TASK BRIEF - Once the line containing "Danielle Spencer and" is found in the data below, repeat it and every later line exactly, leaving the pictures out.

DATASET -
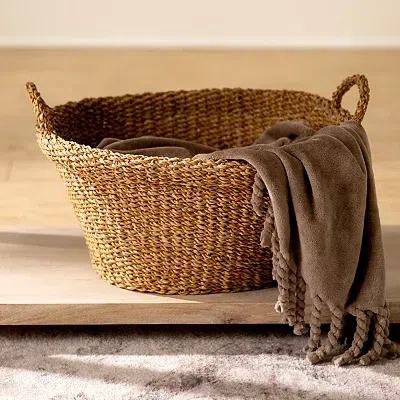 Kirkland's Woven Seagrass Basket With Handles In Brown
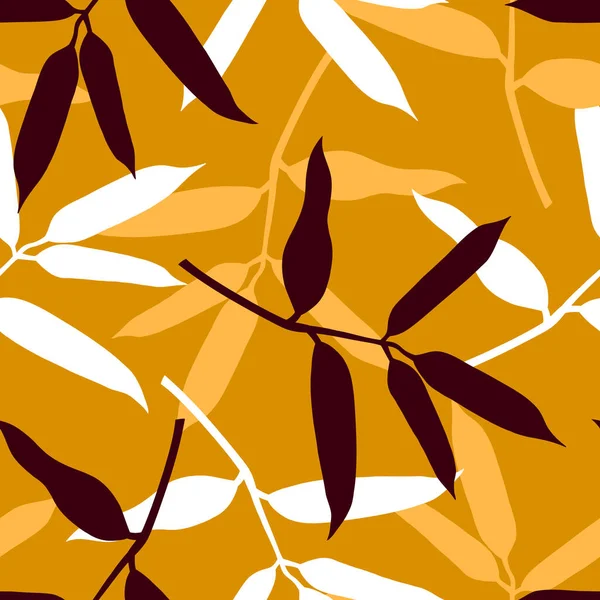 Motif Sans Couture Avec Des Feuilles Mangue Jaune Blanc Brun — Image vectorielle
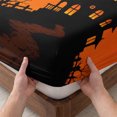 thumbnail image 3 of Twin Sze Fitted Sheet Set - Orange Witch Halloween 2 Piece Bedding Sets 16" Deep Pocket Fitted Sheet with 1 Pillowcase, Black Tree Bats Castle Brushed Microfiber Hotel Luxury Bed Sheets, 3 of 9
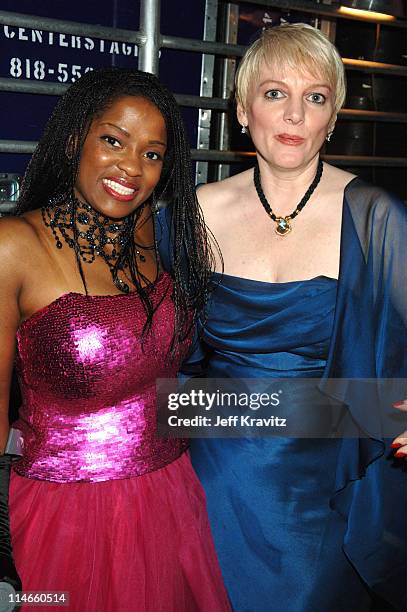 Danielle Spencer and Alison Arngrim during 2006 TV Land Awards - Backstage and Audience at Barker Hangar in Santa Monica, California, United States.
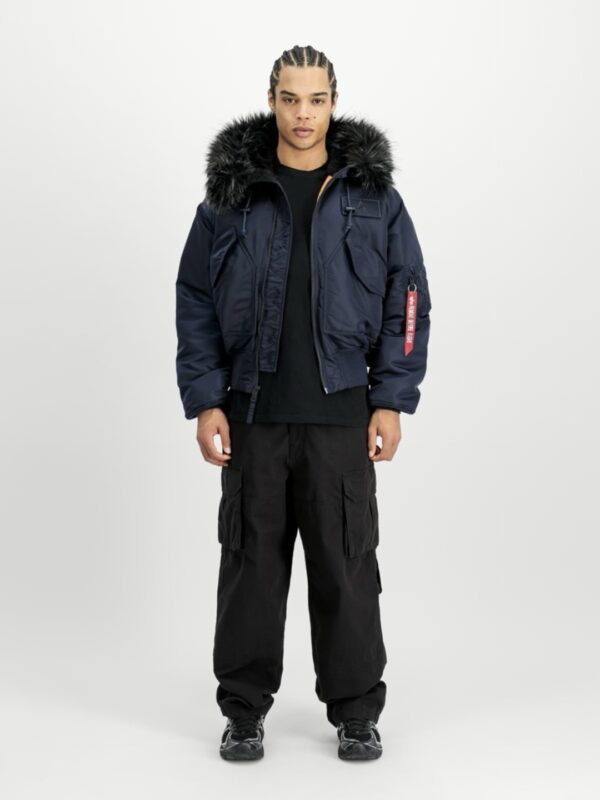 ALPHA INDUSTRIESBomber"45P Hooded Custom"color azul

ANSWER TO THIS EXERCISE -
 Danielle Spencer and Alison Arngrim during 2006 TV Land Awards - Backstage and Audience at Barker Hangar in Santa Monica, California, United States.
 ALPHA INDUSTRIESBomber"45P Hooded Custom"color azul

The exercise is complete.